The mineral wealth of this magnificent country, its water communication, its abundant fuel, its wood, stone, and clay for building, its rich pastures for cattle, and fertile lands for the growth of cereals, the game of its woods, and the fish of its rivers, its climate so conducive to health and cheerfulness, show it to be pre-eminently adapted to be the habitation of men; and doubtless the time is not far distant when those vast solitudes shall be peopled by our own countrymen, who, taking with them their labour and their skill, and what is still more important, the plodding industry which distinguishes the sons of Britain, shall find in the Far-West prosperous and happy homes--homes, we trust, in which the fear of God will rule paramount--homes where fathers and mothers will train up their children in the fear of the Lord--homes in which no greed of gain will tempt their occupants to deeds of injustice and cruelty to the Red man, who still roams over the prairies of the West. When the settler shall take possession of the fertile lands which stretch from the western shore of the beautiful Lake of the Woods to the foot of the Rocky Mountains, it is to be hoped that the Gospel will go with him, that the faithful minister of Christ will accompany the emigrant, and that those now desolate wilds shall reverberate with the sound of the church-going bell, that God's sacred day will be hallowed, and from many a now lonely spot shall ascend the sweet sounds of prayer and praise to Him who has clothed the earth with beauty, and caused it to bring forth fruit for the use of man, and oh! wondrous love, has given His only beloved Son to die for us, that we, through Him, may inherit a home too glorious for the heart of man to conceive--a home prepared alike for the red man and the white man, but a home into which "shall in no wise enter anything that defileth, or worketh abomination, or maketh a lie."

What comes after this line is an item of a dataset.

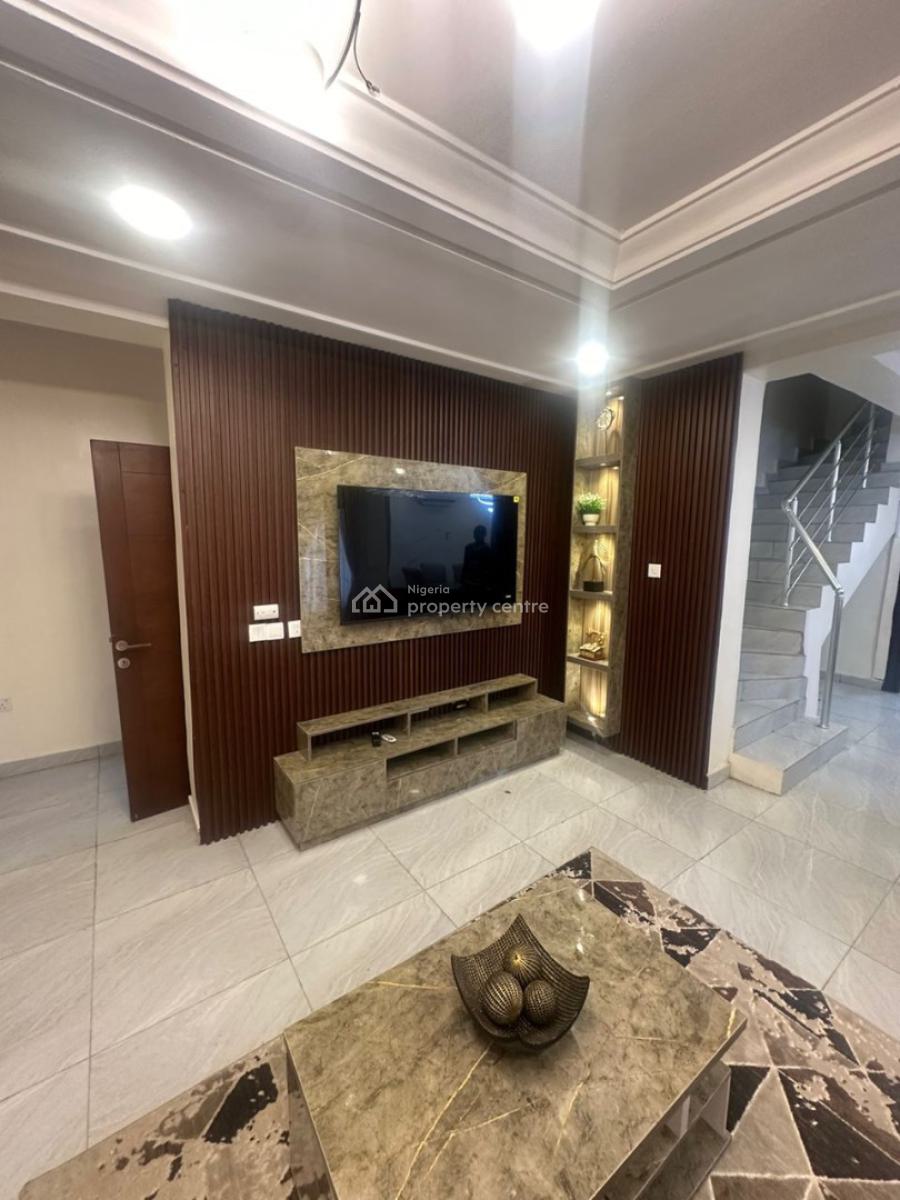 3 Bedroom Fully Furnished Terrace Duplex with 2 Living Rooms and Bq, Ajah, Lagos, Terraced Duplex for Rent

God has laid great responsibilities on Britain by giving this rich country into her hands. The pioneers of the Gospel have gone thither, and the success which has attended their efforts abundantly proves that these red men are capable of being civilized and evangelized. How incumbent is it upon us, then, to care for and instruct the immortal souls of the wild men who once called the land their own! This hitherto little known country is about to become one of the great highways of commerce between England and Asia. The Canadian Pacific Railway, for the construction of which the British Parliament has guaranteed a loan, will attract towards those fertile regions a vast tide of emigration. Will Britain be faithful to her trust? will she send the standard-bearers of the Cross with those who go forth from her shores to make fortunes in those fair lands? will she, mindful that it is righteousness which exalteth a nation, provide for the religious instruction of her sons, who shall perhaps lay the foundation of a powerful nation in the rich prairies of the West? It is said, that to the piety of the little band who colonized New England the United States owes even now all that is found there of true religion; the spirit and the influence of those God-fearing men who, persecuted in their own land, sought a home across the waters of the Atlantic, where they might worship God according to their conscience, is to this day felt through the length and breadth of that now powerful nation. In a far wider sense may such be the case with the colonists who shall in future leave our own country to people the wilds of America. May gratitude for the signal blessings which the Lord of heaven and earth has conferred on Britain, animate her to make efforts commensurate to the needs of the vast territory she owns! May there be many whose hearts constrained by the love of Christ shall willingly offer themselves to go into this portion of the Lord's vineyard! Let us pray that "great may be the company of preachers" who shall dispense the Word of life both to red and white men in those far-off regions. Let us pray that there may be many who, hearing the Master's call, "Whom shall I send? and who will go for us?" will respond, "Here am I, send me."

"How beauteous are the feet of those who bear
Mercy to men, glad tidings to despair!
Far from the mountain's top, they lovelier seem
Than moonlight dews, or morning's rosy beam."